Although the literature on the effects of aging on the hippocampal and frontostriatal systems is divided (for a review, see Hedden & Gabrieli, 2004), some argue that any meaningful deficit in medial temporal lobe functions might be caused by pathology (as in AD) rather than healthy aging per se (Hedden & Gabrieli, 2005; Raz & Rodrigue, 2006; Rand- Giovanetti et al, 2006). Importantly, the 2-stage theory of cognitive decline in aging (see Gabrieli et al., 1996; Hedden & Gabrieli, 2004, 2005; Rosen et al., 2005) suggests that the frontostriatal system changes first, decreasing dopamine levels and reducing prefrontal volume, and hippocampal dysfunction follows. In this study, we tested groups of healthy older adults (belonging to the comparatively younger ages of 45–60 y through the older ages of 76–90 y) on a concurrent discrimination learning and transfer generalization task(which recruits striatal and medial temporal structures) to examine whether aging has differential effects on learning and generalization.

Studying Learning and Generalization in Healthy Aging

Studies have shown that the striatum and the basal ganglia play different roles in learning and generalization. Specifically, the hippocampus and associated medial temporal structures are particularly implicated in learning that supports generalization when familiar stimulus features are recombined at testing (Eichenbaum et al., 1989; Eichenbaum et al., 1994; Myers & Gluck, 1994; Gluck & Myers, 2001). Humans with medial temporal damage are similarly impaired at retrieving studied information when study and test conditions are varied (eg, Schacter, 1985; Myers et al., 2003; Myers et al., 2008a). The striatal areas are also critically implicated in learning. For example, patients with striatal dysfunction caused by Parkinson disease are impaired at discrimination learning (Shohamy et al., 2002). Functional magnetic resonance imaging studies have also suggested that the striatal regions are especially active during learning of stimulus-response associations (Vandenberghe et al., 1999; Poldrack et al., 1999, 2001).

Some studies have shown an age-related deficit in ability to shift or generalize learning along a previously relevant stimulus dimension, such as shape or color (eg, Coppinger & Nehrke, 1972; Nehrke, 1973; Nehrke&Coppinger, 1971); others have found no age-related deficit in interdimensional shifting (eg, Robbins et al., 1998; Owen et al., 1991; Rabbitt& Lowe, 2000). Most of these studies have considered generalization tasks that involve presenting novel exemplars along a previously relevant dimension, rather than keeping the previously relevant features constant. To avoid the potential confound of introducing novel relevant features, we have developed an 8-pair concurrent visual discrimination task, in which each pair contains 2 objects that differ in 1relevant feature but share 1irrelevant feature.

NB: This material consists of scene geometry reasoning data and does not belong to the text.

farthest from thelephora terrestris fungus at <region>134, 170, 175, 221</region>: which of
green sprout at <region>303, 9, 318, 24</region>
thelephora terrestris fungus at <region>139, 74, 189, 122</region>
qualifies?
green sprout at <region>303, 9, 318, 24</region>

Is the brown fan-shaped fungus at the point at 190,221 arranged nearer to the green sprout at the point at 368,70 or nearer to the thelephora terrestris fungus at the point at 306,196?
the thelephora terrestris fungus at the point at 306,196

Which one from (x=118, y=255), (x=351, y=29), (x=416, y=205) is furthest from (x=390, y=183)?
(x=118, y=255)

In a 2002 study, Myers et al studied learning and generalization using the same task in nondemented elderly with or without mild hippocampal atrophy. The presence or absence of hippocampal atrophy did not affect the initial discrimination learning; however, individuals with mild hippocampal atrophy were significantly more impaired than nonatrophied controls on the generalization phase (Myers et al., 2002). By contrast, performance on other memory measures, such as a paragraph recall task, was not impaired in the atrophy group. In a later longitudinal study, Myers et al showed that performance on the generalization test among nondemented elderly was correlated with cognitive status assessed 2 years later; thus, generalization may be a useful predictor of risk for short-term cognitive deficit (Myers et al., 2008b). Consistent with these results, amnesic patients with bilateral hippocampal damage caused by hypoxic brain injury were not impaired at initial learning, but were impaired at transfer generalization (Myers et al., 2008a). Together, these results suggest that the transfer generalization portion of this task depends on hippocampal function.

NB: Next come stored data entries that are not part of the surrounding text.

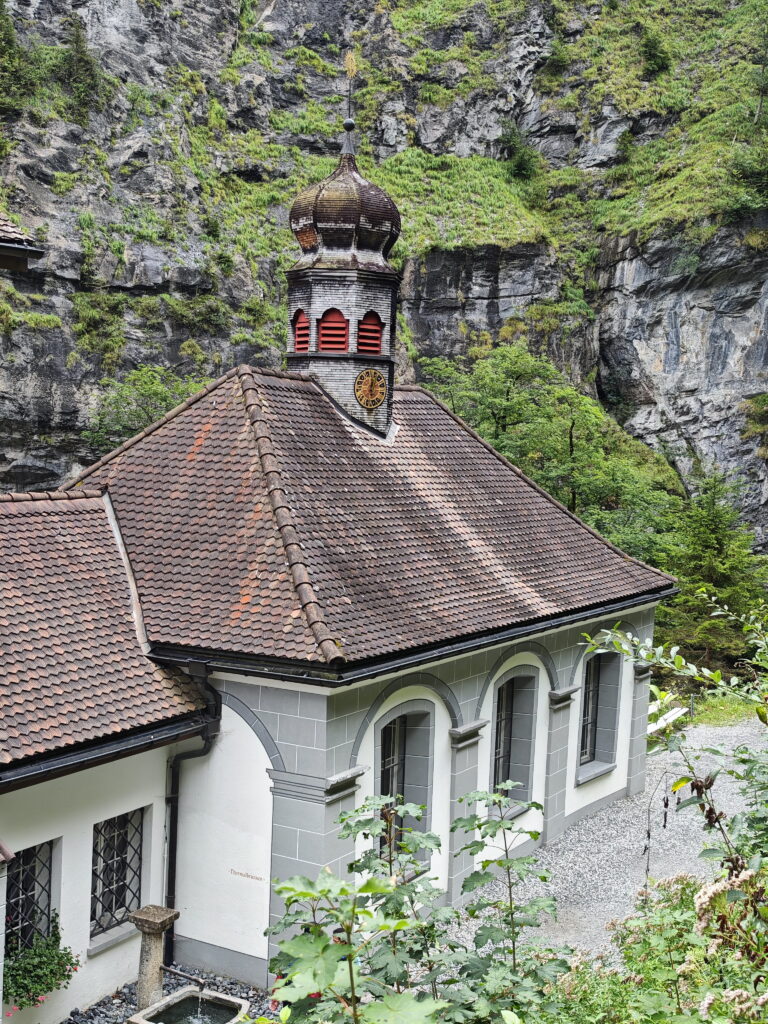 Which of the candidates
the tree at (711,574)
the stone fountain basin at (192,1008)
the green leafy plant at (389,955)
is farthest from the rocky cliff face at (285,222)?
the green leafy plant at (389,955)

The same task has also shown sensitivity to frontostriatal function. Specifically, patients with damage to the orbitofrontal cortex showed impairments in the learning phase of the task but performed better in the generalization phase, indicating the role of frontal cortex in learning and the role of intact medial temporal lobe structures in generalization (Chase et al., 2008). Patients with hypoxic brain injury and anterior communicating artery aneurysm rupture as well as various frontal lesions were slow at initial learning, but completed the generalization phase as well as controls. In contrast, the hypoxic patients were normal at initial learning, but impaired at transfer generalization (Myers et al, 2008a).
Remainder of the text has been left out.